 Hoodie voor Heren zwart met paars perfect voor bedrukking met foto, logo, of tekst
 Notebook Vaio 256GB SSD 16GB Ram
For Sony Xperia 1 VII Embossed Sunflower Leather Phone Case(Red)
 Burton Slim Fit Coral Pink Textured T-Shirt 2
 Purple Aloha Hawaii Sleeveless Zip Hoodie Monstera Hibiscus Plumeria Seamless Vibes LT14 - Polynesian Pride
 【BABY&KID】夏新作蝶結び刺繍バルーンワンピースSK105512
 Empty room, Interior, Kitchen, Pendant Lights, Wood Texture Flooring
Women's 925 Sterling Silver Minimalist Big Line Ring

⁂

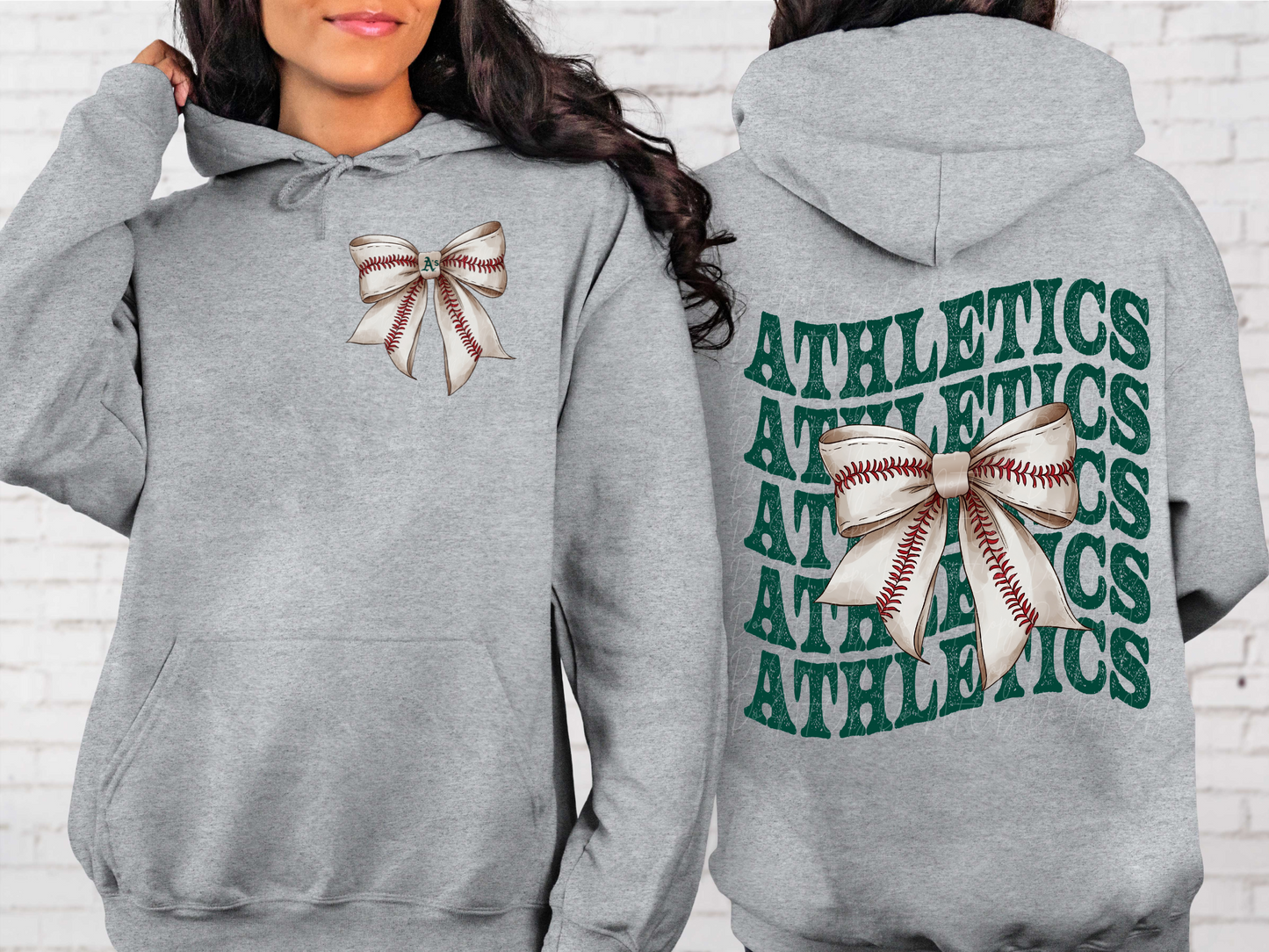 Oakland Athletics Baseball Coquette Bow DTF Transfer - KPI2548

⁂

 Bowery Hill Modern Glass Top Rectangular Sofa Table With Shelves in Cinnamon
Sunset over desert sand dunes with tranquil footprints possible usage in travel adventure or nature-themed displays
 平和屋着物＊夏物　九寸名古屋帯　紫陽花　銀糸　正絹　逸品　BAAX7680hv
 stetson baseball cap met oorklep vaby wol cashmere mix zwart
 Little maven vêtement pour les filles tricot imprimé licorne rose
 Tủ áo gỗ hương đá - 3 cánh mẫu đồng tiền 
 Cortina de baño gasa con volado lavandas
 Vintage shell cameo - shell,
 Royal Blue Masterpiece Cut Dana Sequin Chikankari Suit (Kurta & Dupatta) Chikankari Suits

⁂

§ Task details
Taking the lines above, repeat exactly those from the line that contains "Burton Slim Fit" through the line that contains "Women's 925 Sterling", and both of those lines as well. Include nothing else.

§ Solution for this exercise
 Burton Slim Fit Coral Pink Textured T-Shirt 2
 Purple Aloha Hawaii Sleeveless Zip Hoodie Monstera Hibiscus Plumeria Seamless Vibes LT14 - Polynesian Pride
 【BABY&KID】夏新作蝶結び刺繍バルーンワンピースSK105512
 Empty room, Interior, Kitchen, Pendant Lights, Wood Texture Flooring
Women's 925 Sterling Silver Minimalist Big Line Ring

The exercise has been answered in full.